今回は2022年1~3月に読んだ本をまとめて紹介します。

といっても4冊しか読んでいないのでさほど量はありませんが、とにかく紹介していきます。

ほとんど自分のための備忘録的な振り返りになってますが、
もし興味を持ってくださる方かいたら嬉しいです。

それでは紹介していきましょう!

ビジネス書

『データドリブン思考 -データ分析・AIを実務に活かす-』河本薫

元大阪ガス河本氏によるデータドリブンで組織を変革するための指南書

AIエンジニアの私にとって、かなり役に立つ1冊でした。

これまで私はAIに関する書籍をたくさん読んできましたが、その多くが技術的な入門書や特定分野の解説書に偏っていて、今になって思えば「ビジネスにAIをどのように活かせばよいのか?」という最も重要な問題を避けてここまできた気がします。
そういったなかで今回手にしたこの「データドリブン思考」は、AIやデータ分析をビジネスにうまく活用するためのエッセンスが詰まっていて、そこには今まさに私が知りたい内容があます所なく記載されていました。

本書を一言で要約すると、「本質的な問題をきちんと認識して、意思決定プロセスに介入する課題に取り組みましょう」ということになります。

そこで登場するのが著者の考案した問題解決のフレームワーク。
「問題を解消するために何をすべきか」を意思決定プロセスに介入する形でビジネスに取り組もうというのが著者の主張で、以下の順序に沿って思考を進めていきます。

  1. 解消したい問題は何か?

  2. 解決したい課題は何か?

  3. 意思決定プロセスの課題は何か?

  4. データ分析で何を解くか?

しかしながら意思決定プロセスは往々にして暗黙知と化していて介入が難しいケースが多い。
そこで暗黙知を形式知化(あるいはその一部を形式知化)して手がかりを付与するというアプローチで意思決定に介入していきます。

データドリブン思考 p72


AIに関する精度に関して「最初に99.9%とか目標を正しく定めることが重要」というようなことは良く言われることですが、そんな数字を決めれる基準がなくて現状が暗黙知的な意思決定になっている場合がほとんどです。こういった場合にまず意思決定の形式知化を進めるというのは私の経験からしても確かに重要だと感じました。

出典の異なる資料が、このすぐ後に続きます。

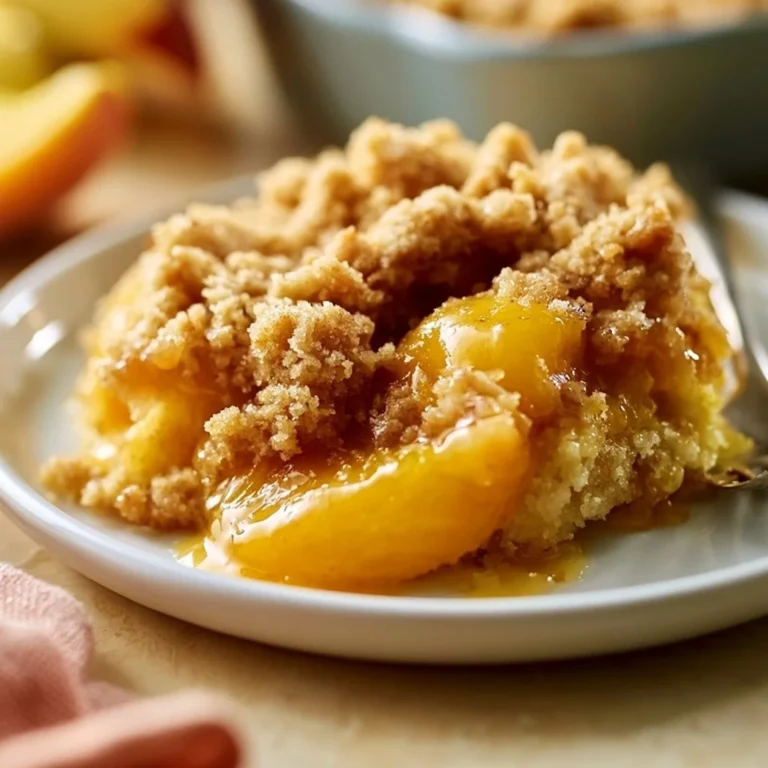 Delicious Peach Dump Cake topped with whipped cream and fresh peaches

とはいえビジネス上の問題が多種多様であって考え方がまだ不足している。ということで意思決定プロセスのケース別分類を下図のように示して、各ケースごとに解決方法を提示してくれています。

データドリブン思考 p64

それぞれの重要な点を一言でまとめると以下のようになります。

A反復選択型:現場を深く理解した上での意思決定プロセスの形式知化
B体制選択型:社内合意形成を意識した意思決定プロセスの形式知化
C原因特定型:候補の論理的な洗い出しと現場暗黙知からの推論
D計画策定型:数理最適化を意識した意思決定プロセスの形式知化する(形式と暗黙のハイブリッドもありうる)
E仮設思考型:仮説と検証(A/Bテストなど)
F経営判断型:恣意性の除外

非常に綺麗に構造化されていて、ぜひ自分の関わるビジネスにも活かしていきたいと思いました。
著者の長年の経験が詰まった素晴らしい1冊です。

序盤は年配におじさんに説教をされているような雰囲気でやや嫌悪感を感じましたが、読み進めるうちに腹落ちする内容がだんだんと積み重なっていって、読了してみると最後には著者の河本氏に感謝と尊敬の気持ちを抱いていました(笑)。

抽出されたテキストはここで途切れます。